Concerning discrimination: she argued that even with perfect and 100% reliable technology, its use was likely to discriminate against people of colour through police over-surveillance. She expressed indignation at the possibility of increasing surveillance of certain categories of people in order to perfect facial recognition before worrying about the increase of police surveillance capabilities offered by this new cloud of technology.
According to her, one problem was the collusion between states and the private sector. In this way, she denounced the fact that police admitted sharing sensitive data with private actors, which led some companies to build an economic business based on surveillance. Finally, in terms of transparency, she deplored the fact that transparency systematically comes up against trade secret.
She ended her plea by calling for a ban on facial recognition: “Even if we address all the questions raised: it will always be disproportionate, it will always threaten our ability to live freely and it will always be use in a discriminatory way. This kind of tool is about oppression and control: it has no place in our schools, in our train stations, in our football stadiums or our shopping centers. It has no place in our streets.”
4. For the FRA, the current conditions do not allow a sufficient assessment of the risks to fundamental rights.
The last speaker was a member of the Fundamental Rights Association: David Reichel. He presented an overall of the organization's researches and analysis related to the uses of facial recognition in the United Kingdom but also in France and Germany.
The organization was thus able to make three major observations which – according to them – should guide the legal analysis.
The first stems from the fact that there is no truly comprehensible review of who is using facial recognition neither for the purposes of its uses.
The second issue was a lack of transparency with regard to the rules for the drawing up of watch lists. According to the agency, the purpose of the processing is assessed in particular in the light of the database used. The lawfulness of the process is therefore closely linked to an appreciation of the rules governing the drawing up of the watch lists, using the example of large immigration or security databases to illustrate this point.
The third statement he raised was that the private sector is a major user of facial recognition.

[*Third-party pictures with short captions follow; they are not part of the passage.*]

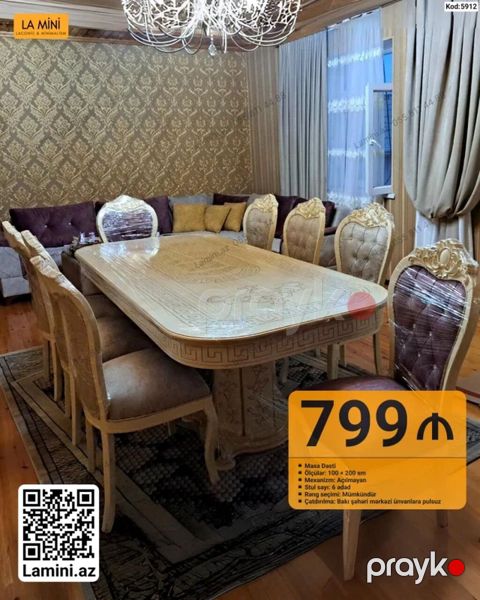 Masa dəsti – klassik dizayn - Ölçülər: 100 200 sm - Mexanizm — Bakı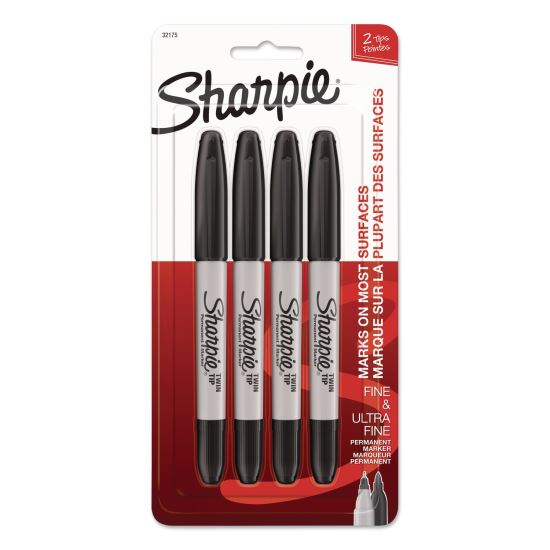 Twin-Tip Permanent Marker, Extra-Fine/Fine Tip, Black, 4/Pack1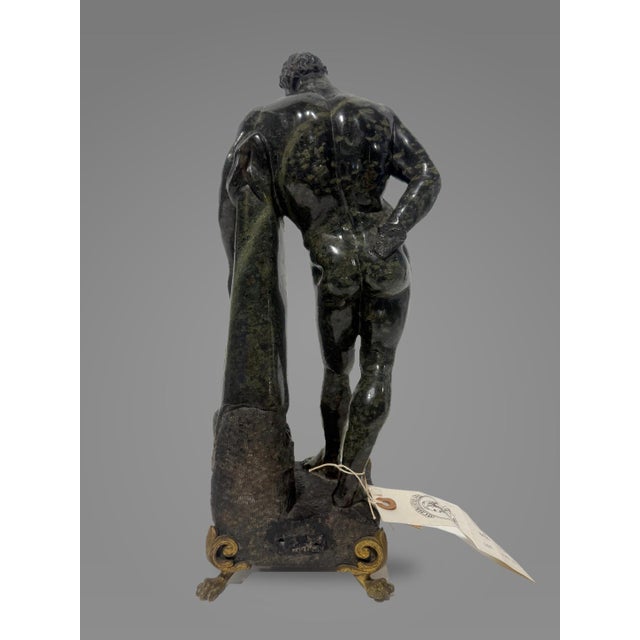 Italian Grand Tour Neoclassical Verde Antico Marble Farnese Hercules, 19th C. For Sale - Image 9 of 16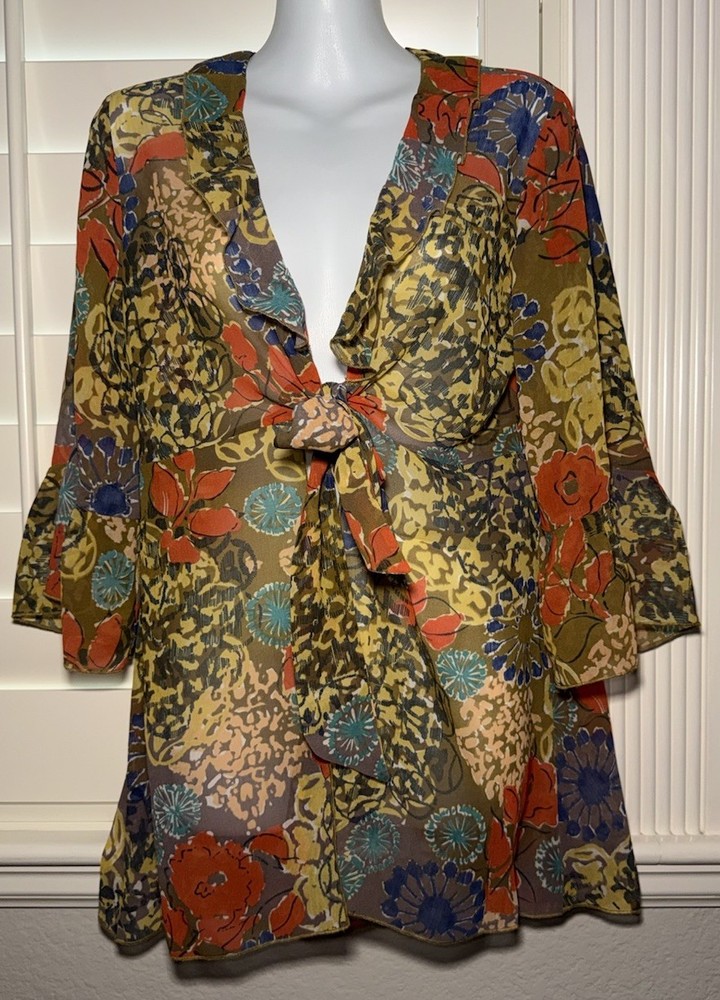 CAbi #360 Shakespeare Semi Sheer Open Tie Front Colorful Floral Top Kimono Small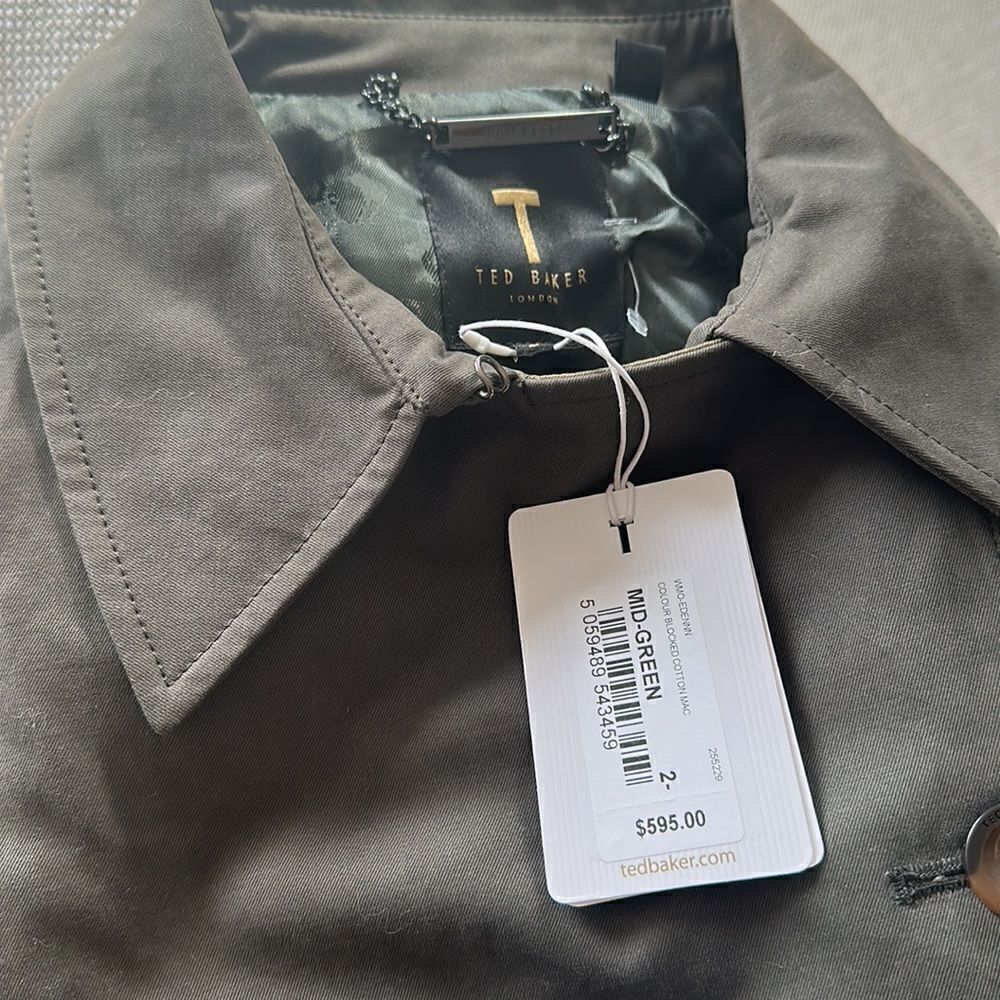 Ted Baker Edennn Colour Blocked Cotton Mac Size 2 NWT - Picture 4 of 16
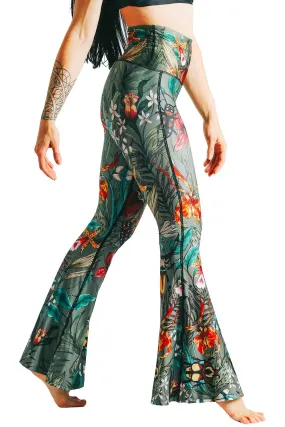 Green Thumb Printed Bell Bottoms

Returning to fundamental rights considerations, he highlighted the fact that, despite the absence of any significant study on that topic, citizens seemed, a priori, uncomfortable with the use of facial recognition.
Recognizing the possibility of restraining certain fundamental rights, he recalled that it was subject to strict compliance with three criteria: provision by law, necessity and proportionality. In the absence of precise rules on the establishment of watch lists, he therefore deplored the difficulty of being able to assess these criteria, and therefore the legality of limitations.
At some point, he agreed with Hannah Couchman by underlying that beyond the problems of accuracy of facial recognition, even a perfect technology raises problems for fundamental rights. That is why it has placed the protection of privacy and the protection of personal data at the center of its concerns.
Beyond these core problems, nevertheless, right to non-discrimination, freedom of expression and assembly, but also the right to good administration must be taken into account in a case-by-case basis.
Finally, he suggested minimum guarantees by calling for the implementation of Fundamental Rights Impact Assessments separate from Data Protection Impact Assessments as well as the creation of independent supervisors.
In conclusion, this panel, which focused on the implications of facial recognition for citizens, showed that many issues require significant legal reflection in terms of the protection of civil liberties and fundamental rights. Consequently, the eagerness of certain stakeholders to generalize facial recognition seems to have to be tempered.